The Police Commissioner, Asuquo Amba, doubled down on the PPRO’s patently false claim that policemen did not fire at the students. Suddenly, the students, victims of their vicious attacks were labelled villains that must be hunted down and severely punished, Amba’s reason being that two policemen were wounded and two patrol vans burnt in the totally avoidable fatal drama his men orchestrated.

At no point did he acknowledge that two young lives were unjustifiably, brutally cut short by trigger-happy policemen. Kehinde died of gunshot wounds to the eyes. For the almighty police commissioner, the fallen students were nobodies whose lives could be wantonly wasted without consequences for all he cared. Two of the students have been arrested, others have gone into hiding with their school shut down indefinitely. They are the children of the hoi-polloi with little or no rights, not to talk of privileges, as Nigerian citizens. That is the tragedy of the Nigerian state.
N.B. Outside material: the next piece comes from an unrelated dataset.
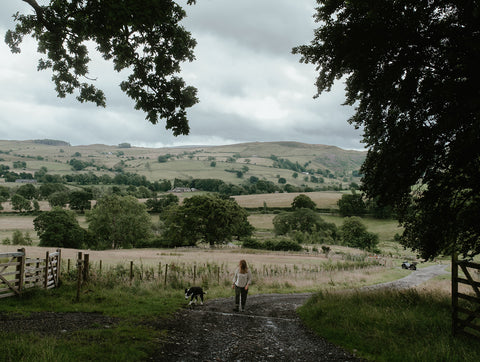 Helen walks in the landscape with her dog floss, rolling hillside reaches out behind her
And all this happened just because the students wanted to complain to the wife of Ekiti State governor, Mrs. Bisi Fayemi, who happened to be passing by at the time of their protest, about the sorry state of their living condition in the school. That audacity is considered an affront to “constituted authority” that must be severely punished.

There are as many narratives of the Oye Ekiti tragedy as there are actors but one does not need to be clairvoyant to know where the truth lies. For starters, it is incontrovertible that the protest was peaceful until Mrs. Fayemi came into the picture.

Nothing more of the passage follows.